Data for the task —
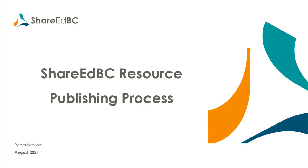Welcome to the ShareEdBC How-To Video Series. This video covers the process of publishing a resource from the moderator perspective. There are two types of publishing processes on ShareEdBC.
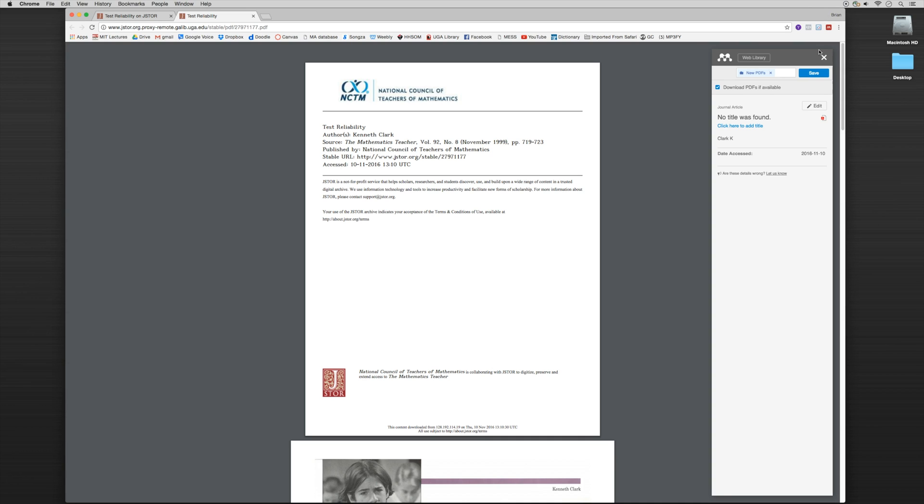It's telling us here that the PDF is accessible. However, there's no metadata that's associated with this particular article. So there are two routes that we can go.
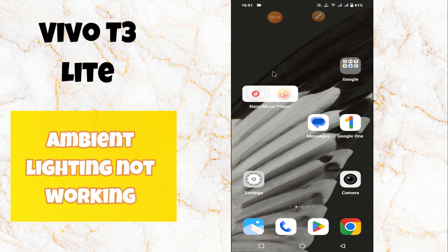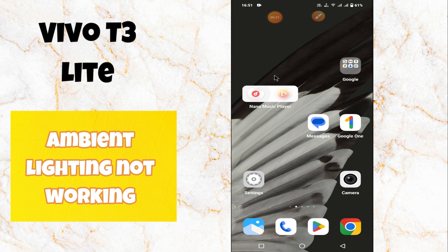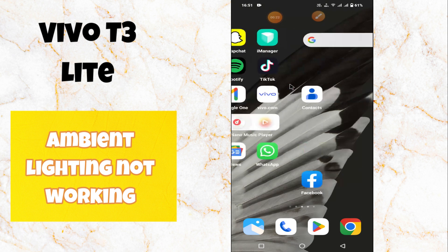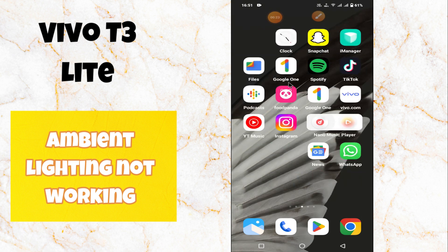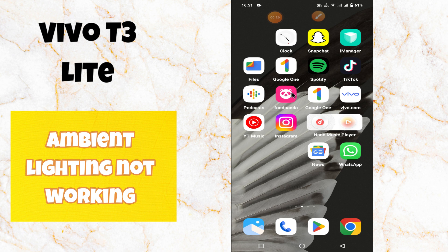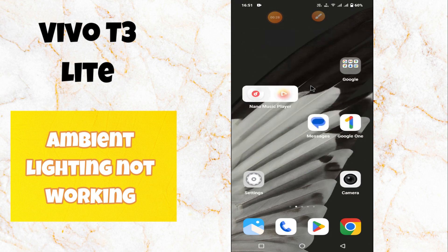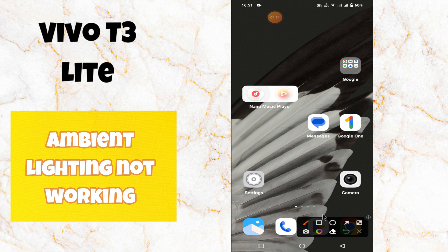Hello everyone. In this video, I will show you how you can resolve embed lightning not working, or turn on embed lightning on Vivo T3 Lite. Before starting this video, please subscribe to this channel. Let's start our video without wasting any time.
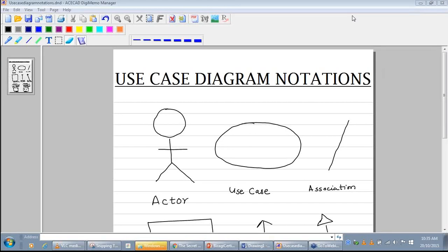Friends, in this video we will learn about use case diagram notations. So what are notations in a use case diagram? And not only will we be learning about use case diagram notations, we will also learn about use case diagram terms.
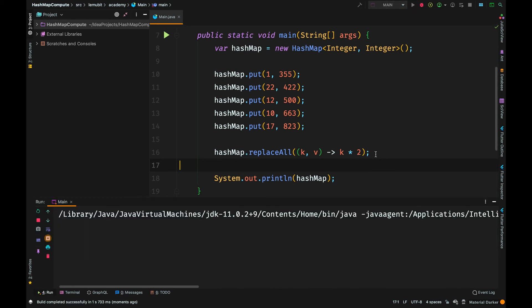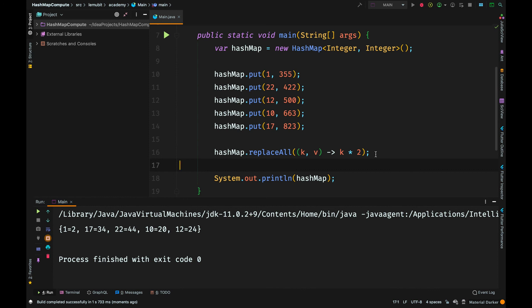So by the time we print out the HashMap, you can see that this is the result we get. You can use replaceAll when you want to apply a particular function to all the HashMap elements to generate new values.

Task description —
Would you repeat the entries exactly, keeping the images out?

Task output —
Welcome to the ShareEdBC How-To Video Series. This video covers the process of publishing a resource from the moderator perspective. There are two types of publishing processes on ShareEdBC.
It's telling us here that the PDF is accessible. However, there's no metadata that's associated with this particular article. So there are two routes that we can go.
Hello everyone. In this video, I will show you how you can resolve embed lightning not working, or turn on embed lightning on Vivo T3 Lite. Before starting this video, please subscribe to this channel. Let's start our video without wasting any time.
Friends, in this video we will learn about use case diagram notations. So what are notations in a use case diagram? And not only will we be learning about use case diagram notations, we will also learn about use case diagram terms.
So by the time we print out the HashMap, you can see that this is the result we get. You can use replaceAll when you want to apply a particular function to all the HashMap elements to generate new values.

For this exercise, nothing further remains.